(Records for this exercise Opens)
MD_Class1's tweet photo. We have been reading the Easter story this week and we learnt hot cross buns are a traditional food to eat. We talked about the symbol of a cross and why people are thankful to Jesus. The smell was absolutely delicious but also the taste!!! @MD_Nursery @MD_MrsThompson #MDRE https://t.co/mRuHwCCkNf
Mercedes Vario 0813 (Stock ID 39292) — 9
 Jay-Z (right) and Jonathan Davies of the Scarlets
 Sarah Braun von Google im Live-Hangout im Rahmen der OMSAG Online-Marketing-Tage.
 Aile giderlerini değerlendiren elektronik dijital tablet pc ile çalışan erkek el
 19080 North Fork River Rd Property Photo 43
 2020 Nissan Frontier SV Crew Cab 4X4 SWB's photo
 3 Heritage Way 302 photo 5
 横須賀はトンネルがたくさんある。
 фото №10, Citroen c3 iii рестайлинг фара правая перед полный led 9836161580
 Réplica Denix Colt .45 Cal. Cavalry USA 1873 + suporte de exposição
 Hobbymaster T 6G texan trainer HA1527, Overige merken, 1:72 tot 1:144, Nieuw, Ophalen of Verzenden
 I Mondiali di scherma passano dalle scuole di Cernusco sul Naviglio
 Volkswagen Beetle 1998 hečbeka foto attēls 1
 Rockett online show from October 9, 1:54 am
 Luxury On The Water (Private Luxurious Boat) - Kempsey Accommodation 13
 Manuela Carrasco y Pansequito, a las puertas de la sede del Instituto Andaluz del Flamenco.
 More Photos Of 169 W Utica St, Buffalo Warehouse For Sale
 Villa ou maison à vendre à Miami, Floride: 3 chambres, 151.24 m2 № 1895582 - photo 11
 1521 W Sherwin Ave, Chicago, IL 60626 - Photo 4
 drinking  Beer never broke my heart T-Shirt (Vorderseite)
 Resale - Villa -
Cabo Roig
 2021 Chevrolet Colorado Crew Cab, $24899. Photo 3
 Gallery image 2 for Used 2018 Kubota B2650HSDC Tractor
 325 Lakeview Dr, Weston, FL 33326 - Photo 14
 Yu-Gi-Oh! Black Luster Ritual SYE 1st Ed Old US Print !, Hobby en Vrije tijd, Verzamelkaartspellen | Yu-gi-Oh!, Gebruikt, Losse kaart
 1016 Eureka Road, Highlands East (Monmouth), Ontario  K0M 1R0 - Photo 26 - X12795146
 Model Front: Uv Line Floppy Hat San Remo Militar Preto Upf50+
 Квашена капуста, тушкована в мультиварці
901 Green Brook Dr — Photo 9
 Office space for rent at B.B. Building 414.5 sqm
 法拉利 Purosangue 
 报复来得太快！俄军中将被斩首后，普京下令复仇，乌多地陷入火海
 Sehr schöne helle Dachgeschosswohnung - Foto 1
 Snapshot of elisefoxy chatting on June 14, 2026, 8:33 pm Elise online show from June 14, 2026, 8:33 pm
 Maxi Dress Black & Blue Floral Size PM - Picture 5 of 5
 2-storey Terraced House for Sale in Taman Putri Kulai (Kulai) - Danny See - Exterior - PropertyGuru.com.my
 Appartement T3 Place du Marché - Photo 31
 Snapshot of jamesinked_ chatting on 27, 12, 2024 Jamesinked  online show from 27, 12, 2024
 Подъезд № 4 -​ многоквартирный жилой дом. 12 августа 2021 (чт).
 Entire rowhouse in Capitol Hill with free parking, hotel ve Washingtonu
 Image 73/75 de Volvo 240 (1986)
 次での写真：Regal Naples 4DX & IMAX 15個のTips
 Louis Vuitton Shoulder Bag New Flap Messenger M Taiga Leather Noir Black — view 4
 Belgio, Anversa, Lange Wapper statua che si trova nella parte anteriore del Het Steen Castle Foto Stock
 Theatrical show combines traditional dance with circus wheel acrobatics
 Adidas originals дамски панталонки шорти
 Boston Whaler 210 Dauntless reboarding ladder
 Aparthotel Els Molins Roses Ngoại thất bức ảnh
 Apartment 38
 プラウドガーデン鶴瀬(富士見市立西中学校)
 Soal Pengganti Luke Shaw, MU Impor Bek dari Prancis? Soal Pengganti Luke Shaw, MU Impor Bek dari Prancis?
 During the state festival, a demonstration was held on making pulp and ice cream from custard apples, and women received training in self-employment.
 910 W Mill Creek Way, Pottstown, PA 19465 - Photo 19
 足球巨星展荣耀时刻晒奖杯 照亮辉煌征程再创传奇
(Records for this exercise Closes)
What you will do: Lines that contain "chatting" should be pulled from the entries above and reported.

Output for this exercise:
 Snapshot of elisefoxy chatting on June 14, 2026, 8:33 pm Elise online show from June 14, 2026, 8:33 pm
 Snapshot of jamesinked_ chatting on 27, 12, 2024 Jamesinked  online show from 27, 12, 2024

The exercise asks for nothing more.